Excerpted data Start Marker

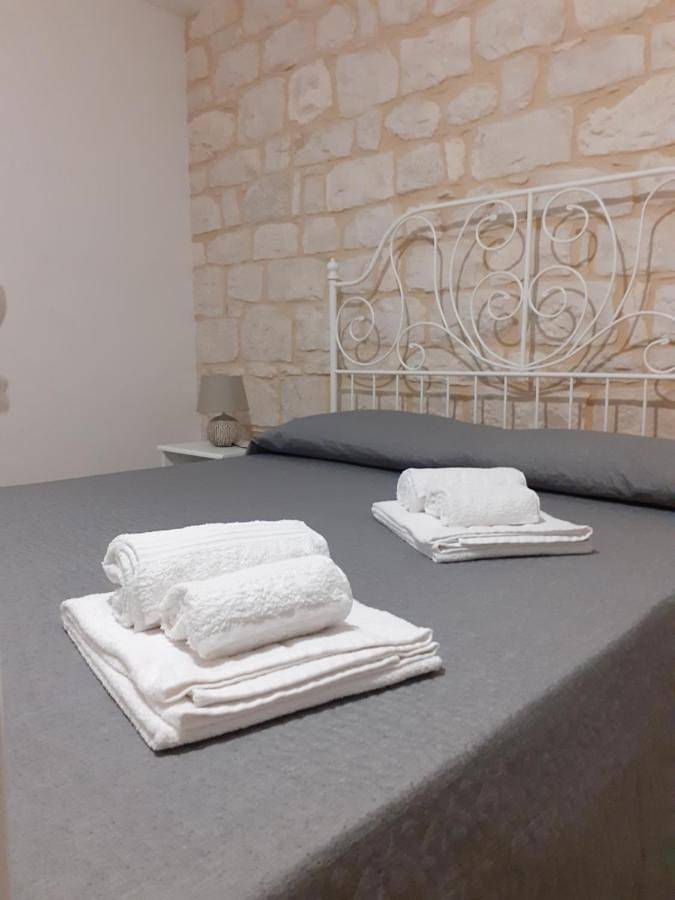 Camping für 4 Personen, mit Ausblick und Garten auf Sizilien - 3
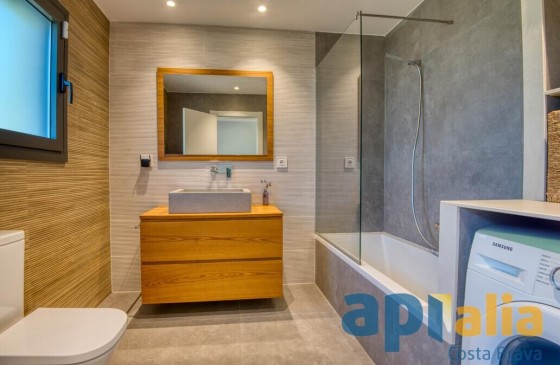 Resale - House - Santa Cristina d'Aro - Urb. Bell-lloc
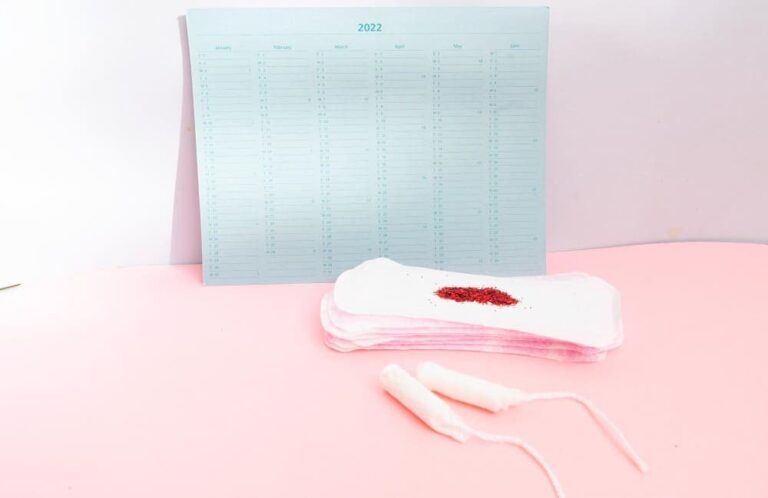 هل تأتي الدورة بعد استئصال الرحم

Excerpted data End Marker
Excerpted data Start Marker

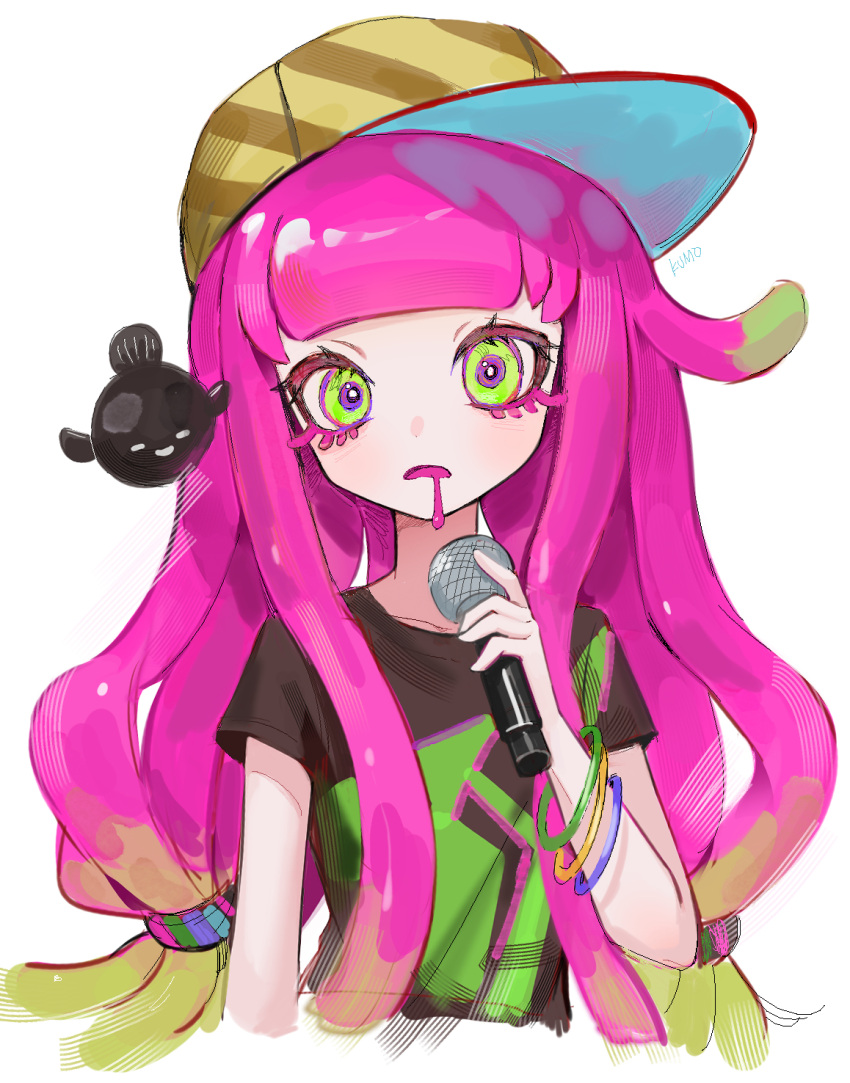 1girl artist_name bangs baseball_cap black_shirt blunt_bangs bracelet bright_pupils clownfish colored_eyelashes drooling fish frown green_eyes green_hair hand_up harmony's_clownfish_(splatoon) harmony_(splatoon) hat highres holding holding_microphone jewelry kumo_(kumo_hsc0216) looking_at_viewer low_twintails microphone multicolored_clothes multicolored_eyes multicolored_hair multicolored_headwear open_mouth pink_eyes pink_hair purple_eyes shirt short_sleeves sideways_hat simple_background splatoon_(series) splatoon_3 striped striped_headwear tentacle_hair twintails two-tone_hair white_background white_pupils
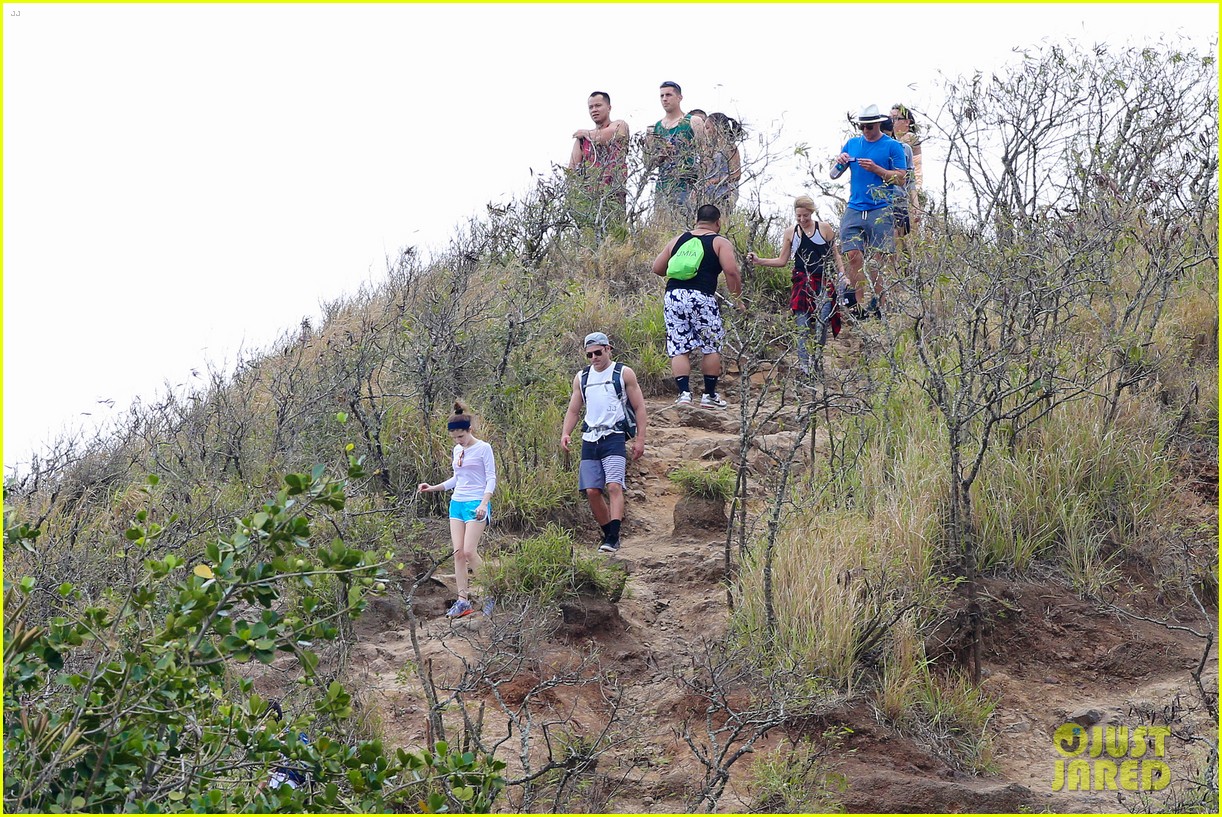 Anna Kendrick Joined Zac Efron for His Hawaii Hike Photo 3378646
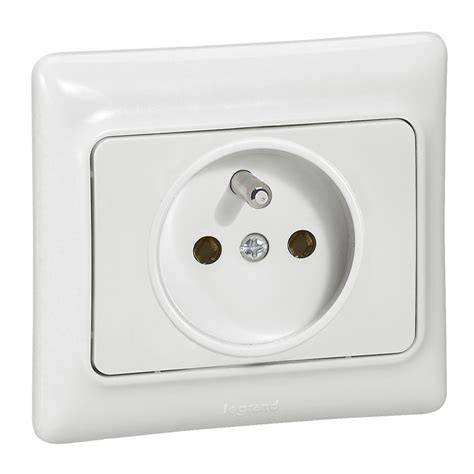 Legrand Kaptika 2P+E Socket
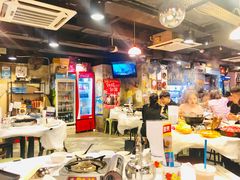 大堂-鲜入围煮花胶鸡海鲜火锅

Excerpted data End Marker

Beginning with the line that contains "Resale - House", write out the lines of the material above exactly, and end with the line that contains "هل تأتي الدورة بعد استئصال الرحم". Omit the pictures.

 Resale - House - Santa Cristina d'Aro - Urb. Bell-lloc
 هل تأتي الدورة بعد استئصال الرحم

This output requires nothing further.